▸ **EXERCISE OBJECTIVE**
Using the entries below, output each line exactly from the first through the one that contains "1970 Chevrolet Chevelle".

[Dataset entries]
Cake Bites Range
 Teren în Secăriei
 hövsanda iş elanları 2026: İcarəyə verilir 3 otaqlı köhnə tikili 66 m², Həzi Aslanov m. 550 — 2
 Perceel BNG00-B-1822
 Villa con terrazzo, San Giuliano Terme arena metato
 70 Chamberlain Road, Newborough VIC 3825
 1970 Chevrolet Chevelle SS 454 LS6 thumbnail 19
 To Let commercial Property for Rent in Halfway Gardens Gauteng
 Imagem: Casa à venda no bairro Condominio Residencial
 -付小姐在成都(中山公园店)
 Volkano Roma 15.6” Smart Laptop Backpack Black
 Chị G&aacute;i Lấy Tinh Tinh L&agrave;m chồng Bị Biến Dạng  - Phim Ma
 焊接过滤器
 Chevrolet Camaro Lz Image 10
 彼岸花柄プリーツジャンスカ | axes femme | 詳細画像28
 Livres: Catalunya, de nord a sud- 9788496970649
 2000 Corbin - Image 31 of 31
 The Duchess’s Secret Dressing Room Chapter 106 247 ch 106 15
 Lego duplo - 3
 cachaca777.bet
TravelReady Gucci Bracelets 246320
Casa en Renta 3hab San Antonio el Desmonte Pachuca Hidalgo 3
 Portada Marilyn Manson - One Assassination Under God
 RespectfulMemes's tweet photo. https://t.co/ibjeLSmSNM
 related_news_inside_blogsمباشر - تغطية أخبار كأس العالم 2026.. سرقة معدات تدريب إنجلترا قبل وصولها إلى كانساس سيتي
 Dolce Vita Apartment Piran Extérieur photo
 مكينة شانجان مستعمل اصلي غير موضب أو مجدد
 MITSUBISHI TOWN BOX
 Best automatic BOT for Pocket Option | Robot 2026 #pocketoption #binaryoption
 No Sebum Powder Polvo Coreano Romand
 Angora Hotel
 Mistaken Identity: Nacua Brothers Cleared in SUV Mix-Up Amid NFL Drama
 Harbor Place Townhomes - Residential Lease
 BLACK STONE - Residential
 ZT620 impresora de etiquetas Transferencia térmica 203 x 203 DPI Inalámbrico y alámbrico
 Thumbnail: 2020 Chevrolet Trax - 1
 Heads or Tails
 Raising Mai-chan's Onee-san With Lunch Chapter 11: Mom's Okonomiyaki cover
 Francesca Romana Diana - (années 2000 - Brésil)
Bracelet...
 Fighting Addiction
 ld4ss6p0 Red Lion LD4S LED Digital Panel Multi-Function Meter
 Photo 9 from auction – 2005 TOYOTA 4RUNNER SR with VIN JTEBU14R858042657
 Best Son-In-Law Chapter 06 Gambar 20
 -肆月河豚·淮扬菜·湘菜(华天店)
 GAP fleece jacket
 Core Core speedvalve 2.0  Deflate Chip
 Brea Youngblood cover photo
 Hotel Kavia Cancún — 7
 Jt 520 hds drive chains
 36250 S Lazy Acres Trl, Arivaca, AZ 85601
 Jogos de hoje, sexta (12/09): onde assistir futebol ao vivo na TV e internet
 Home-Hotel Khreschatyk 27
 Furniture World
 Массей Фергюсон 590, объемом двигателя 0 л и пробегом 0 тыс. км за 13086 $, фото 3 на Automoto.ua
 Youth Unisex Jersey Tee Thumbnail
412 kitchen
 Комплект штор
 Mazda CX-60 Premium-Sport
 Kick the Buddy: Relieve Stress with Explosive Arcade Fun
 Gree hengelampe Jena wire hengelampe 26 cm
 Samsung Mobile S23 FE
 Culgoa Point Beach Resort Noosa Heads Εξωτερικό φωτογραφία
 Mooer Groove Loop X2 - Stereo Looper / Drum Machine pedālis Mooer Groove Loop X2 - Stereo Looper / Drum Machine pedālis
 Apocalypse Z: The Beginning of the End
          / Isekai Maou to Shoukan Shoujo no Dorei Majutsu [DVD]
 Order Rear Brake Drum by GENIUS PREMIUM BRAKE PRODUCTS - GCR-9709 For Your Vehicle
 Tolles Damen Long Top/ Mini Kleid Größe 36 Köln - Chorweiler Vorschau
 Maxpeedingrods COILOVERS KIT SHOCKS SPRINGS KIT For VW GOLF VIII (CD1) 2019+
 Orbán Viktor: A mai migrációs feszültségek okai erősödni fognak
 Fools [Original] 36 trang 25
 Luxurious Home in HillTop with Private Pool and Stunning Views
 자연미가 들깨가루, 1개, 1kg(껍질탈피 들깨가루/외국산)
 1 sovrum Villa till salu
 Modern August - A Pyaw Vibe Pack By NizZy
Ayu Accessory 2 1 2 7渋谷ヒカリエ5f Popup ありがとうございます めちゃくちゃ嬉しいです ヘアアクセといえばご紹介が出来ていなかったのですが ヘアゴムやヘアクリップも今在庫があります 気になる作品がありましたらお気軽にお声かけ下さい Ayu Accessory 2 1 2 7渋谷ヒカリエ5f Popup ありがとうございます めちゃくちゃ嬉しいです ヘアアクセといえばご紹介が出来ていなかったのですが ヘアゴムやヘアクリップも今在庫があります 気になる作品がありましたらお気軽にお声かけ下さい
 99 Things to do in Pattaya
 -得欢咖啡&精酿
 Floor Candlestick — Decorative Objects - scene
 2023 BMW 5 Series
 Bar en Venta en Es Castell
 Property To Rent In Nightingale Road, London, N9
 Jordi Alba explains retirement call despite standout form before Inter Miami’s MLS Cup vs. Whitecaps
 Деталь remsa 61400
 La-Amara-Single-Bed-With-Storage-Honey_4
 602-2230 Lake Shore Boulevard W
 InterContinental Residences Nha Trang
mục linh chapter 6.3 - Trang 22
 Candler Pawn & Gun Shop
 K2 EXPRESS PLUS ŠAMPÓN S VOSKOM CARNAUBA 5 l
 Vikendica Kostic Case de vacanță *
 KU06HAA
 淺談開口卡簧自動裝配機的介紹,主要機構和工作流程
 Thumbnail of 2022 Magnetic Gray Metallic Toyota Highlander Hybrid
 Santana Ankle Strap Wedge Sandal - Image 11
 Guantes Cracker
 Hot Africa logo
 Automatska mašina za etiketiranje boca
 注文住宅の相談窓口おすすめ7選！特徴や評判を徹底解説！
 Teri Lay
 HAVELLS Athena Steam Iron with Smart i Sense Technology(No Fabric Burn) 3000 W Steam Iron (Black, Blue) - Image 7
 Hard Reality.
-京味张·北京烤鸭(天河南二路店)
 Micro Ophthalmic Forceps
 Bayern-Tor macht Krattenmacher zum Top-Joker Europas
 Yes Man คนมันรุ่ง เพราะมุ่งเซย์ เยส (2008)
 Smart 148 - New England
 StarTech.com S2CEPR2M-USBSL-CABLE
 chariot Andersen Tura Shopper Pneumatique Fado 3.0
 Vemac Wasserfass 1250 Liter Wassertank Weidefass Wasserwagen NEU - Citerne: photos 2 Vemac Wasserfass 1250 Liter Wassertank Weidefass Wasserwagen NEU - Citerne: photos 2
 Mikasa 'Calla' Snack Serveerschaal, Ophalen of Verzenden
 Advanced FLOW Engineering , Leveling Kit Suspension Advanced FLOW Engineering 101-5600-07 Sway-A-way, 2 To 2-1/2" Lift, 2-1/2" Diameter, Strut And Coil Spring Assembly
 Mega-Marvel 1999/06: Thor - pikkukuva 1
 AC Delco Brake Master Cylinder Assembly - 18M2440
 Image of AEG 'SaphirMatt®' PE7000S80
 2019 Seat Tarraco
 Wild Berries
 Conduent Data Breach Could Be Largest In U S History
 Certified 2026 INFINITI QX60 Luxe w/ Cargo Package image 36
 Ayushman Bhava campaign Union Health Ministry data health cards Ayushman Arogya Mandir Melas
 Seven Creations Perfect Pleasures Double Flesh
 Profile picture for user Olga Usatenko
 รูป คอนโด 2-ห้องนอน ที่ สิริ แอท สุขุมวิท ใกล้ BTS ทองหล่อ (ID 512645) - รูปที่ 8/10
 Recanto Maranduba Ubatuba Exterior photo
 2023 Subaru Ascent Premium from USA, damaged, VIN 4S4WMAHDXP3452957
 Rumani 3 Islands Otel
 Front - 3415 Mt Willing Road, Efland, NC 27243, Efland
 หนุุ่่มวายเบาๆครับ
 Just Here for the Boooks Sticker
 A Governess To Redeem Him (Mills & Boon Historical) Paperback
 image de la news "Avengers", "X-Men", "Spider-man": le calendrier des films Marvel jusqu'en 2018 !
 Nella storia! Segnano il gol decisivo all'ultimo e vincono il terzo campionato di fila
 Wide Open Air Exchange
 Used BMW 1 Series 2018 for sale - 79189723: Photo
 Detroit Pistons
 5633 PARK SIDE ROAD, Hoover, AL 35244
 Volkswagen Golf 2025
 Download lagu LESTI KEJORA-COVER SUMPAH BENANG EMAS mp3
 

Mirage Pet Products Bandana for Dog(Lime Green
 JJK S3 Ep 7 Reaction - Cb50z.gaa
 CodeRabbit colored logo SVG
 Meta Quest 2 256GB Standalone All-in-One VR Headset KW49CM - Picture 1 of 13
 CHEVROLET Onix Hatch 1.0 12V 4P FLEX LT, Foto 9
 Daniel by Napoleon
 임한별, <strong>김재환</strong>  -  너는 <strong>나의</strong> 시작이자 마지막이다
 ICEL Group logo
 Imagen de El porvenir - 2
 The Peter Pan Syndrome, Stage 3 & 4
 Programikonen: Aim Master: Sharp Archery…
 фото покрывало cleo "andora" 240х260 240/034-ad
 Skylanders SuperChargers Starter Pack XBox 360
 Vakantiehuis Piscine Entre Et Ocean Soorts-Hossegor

▸ **YOUR SOLUTION**
Cake Bites Range
 Teren în Secăriei
 hövsanda iş elanları 2026: İcarəyə verilir 3 otaqlı köhnə tikili 66 m², Həzi Aslanov m. 550 — 2
 Perceel BNG00-B-1822
 Villa con terrazzo, San Giuliano Terme arena metato
 70 Chamberlain Road, Newborough VIC 3825
 1970 Chevrolet Chevelle SS 454 LS6 thumbnail 19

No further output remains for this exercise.